Would you return exactly the lines below from the line with "मानसून की बेरुखी के बीच 'लाल'" through the line with "عکس جوجه عروس هلندی آلبینو", both included, and nothing else, leaving out the pictures?
-=-=-
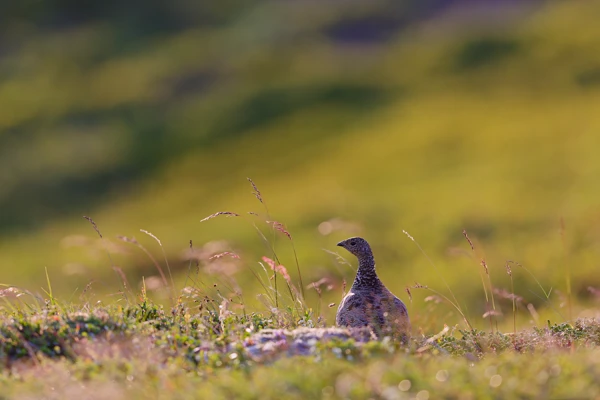 Photo : Lagopède alpin (Lagopus muta) femelle évoluant dans la lande.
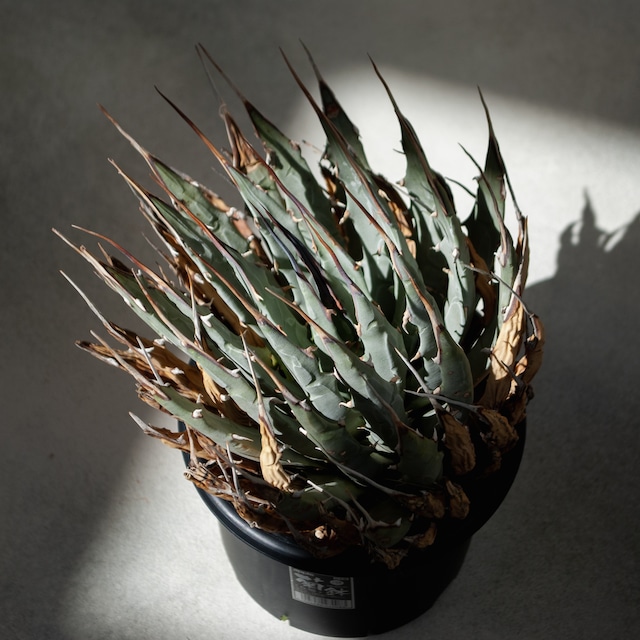 アガベ ユタエンシス エボリスピナ No.2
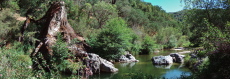 China Hole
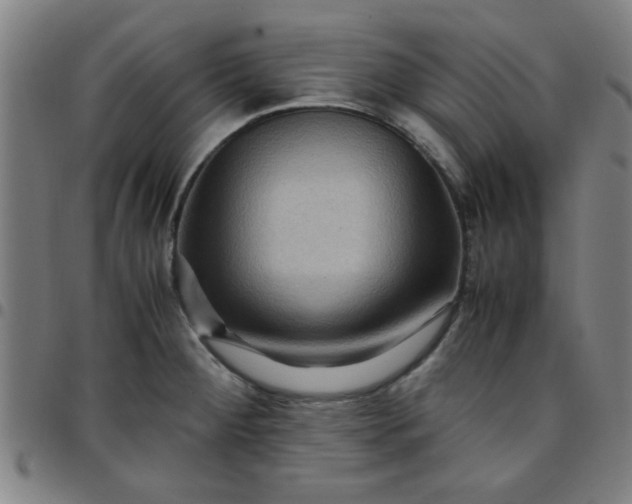 X0000097461284200803071623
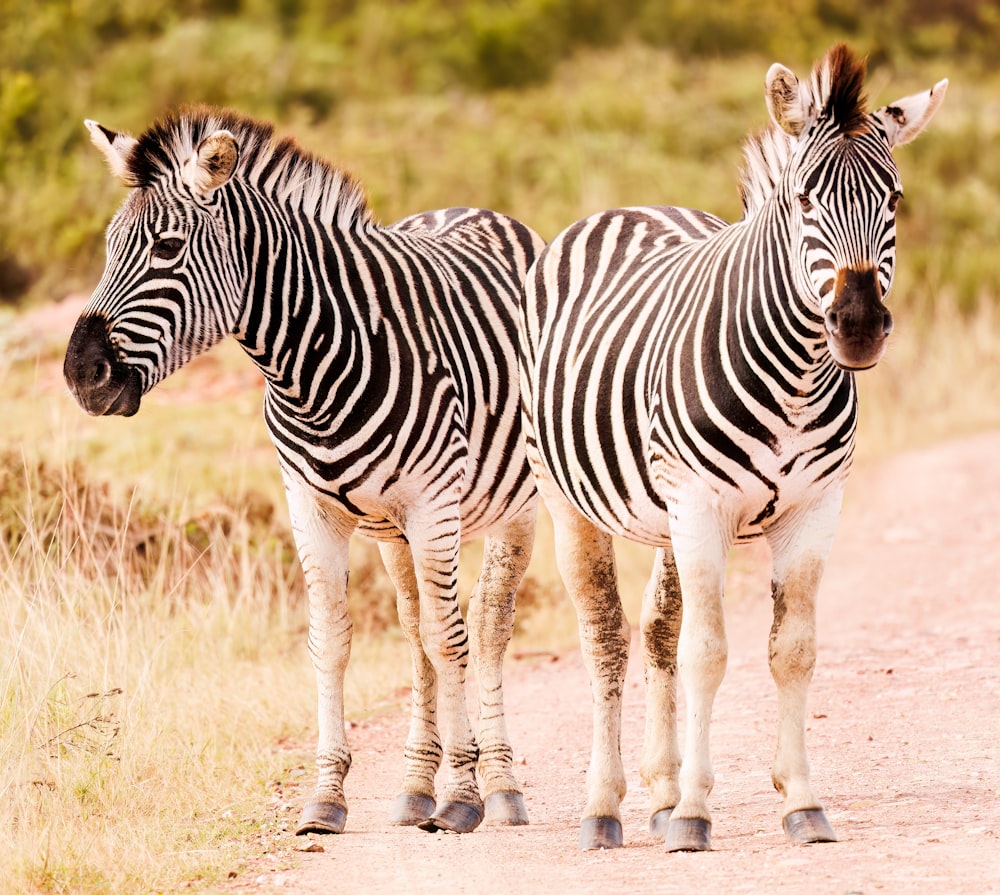 a couple of zebra standing on a dirt road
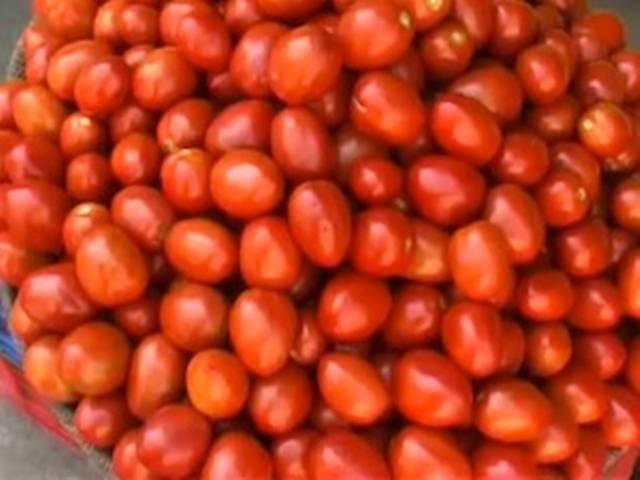 मानसून की बेरुखी के बीच 'लाल' हुआ टमाटर मानसून की बेरुखी के बीच ‘लाल’ हुआ टमाटर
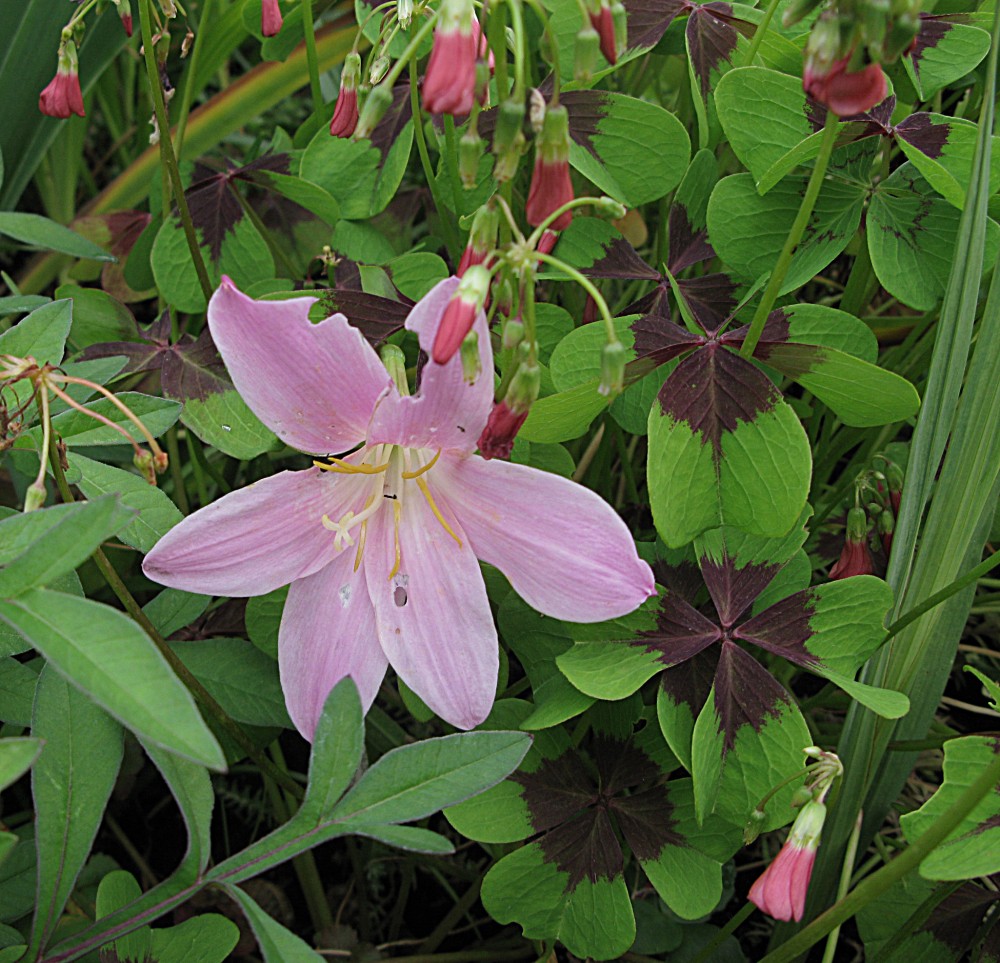 257.Zephyranthes.jpg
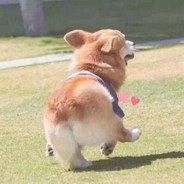 神厨小福贵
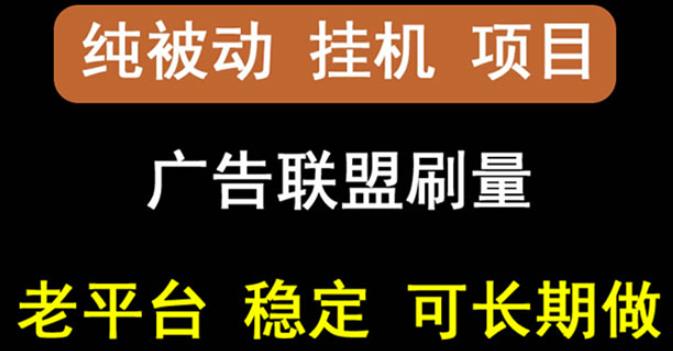 【稳定挂机】oneptp出海广告联盟挂机项目，每天躺赚几块钱，多台批量多赚些-天天资源网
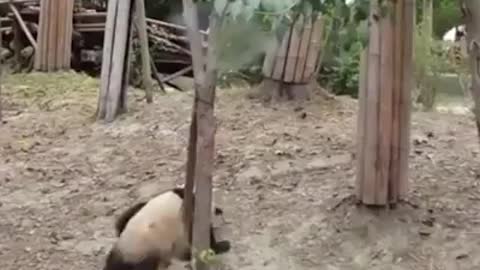 Kun foo Panda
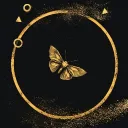 mothdance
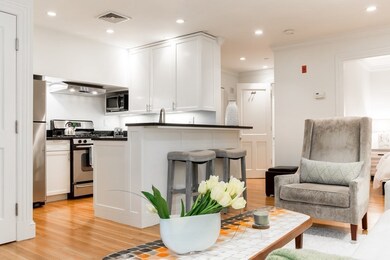 393 Commonwealth Ave unit Garden, Boston, MA 02115 - photo 3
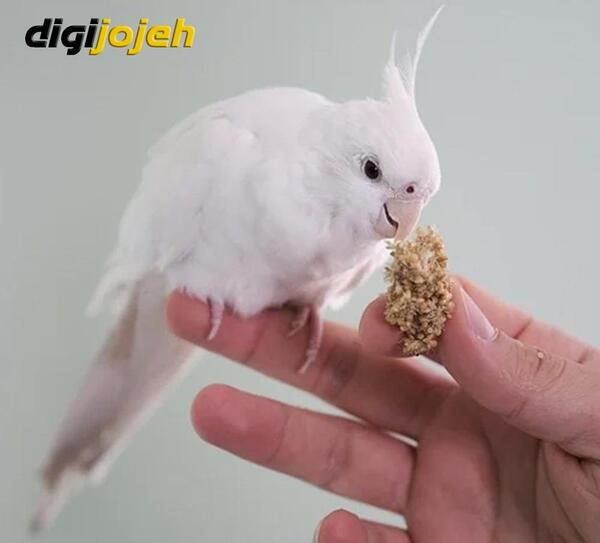 عکس جوجه عروس هلندی آلبینو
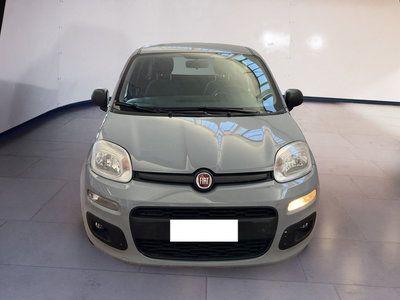 Fiat Panda Cross Cross 1.0 FireFly S&amp;S Hybrid del 2022 usata a Torino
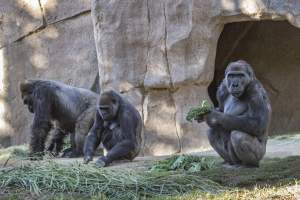 El zoológico de San Diego dice que los gorilas se están recuperado del Covid-19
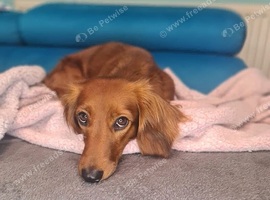 Small Standard Long-Haired Dachshund Puppies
-=-=-
Solution to the problem:
 मानसून की बेरुखी के बीच 'लाल' हुआ टमाटर मानसून की बेरुखी के बीच ‘लाल’ हुआ टमाटर
 257.Zephyranthes.jpg
 神厨小福贵
 【稳定挂机】oneptp出海广告联盟挂机项目，每天躺赚几块钱，多台批量多赚些-天天资源网
 Kun foo Panda
 mothdance
 393 Commonwealth Ave unit Garden, Boston, MA 02115 - photo 3
 عکس جوجه عروس هلندی آلبینو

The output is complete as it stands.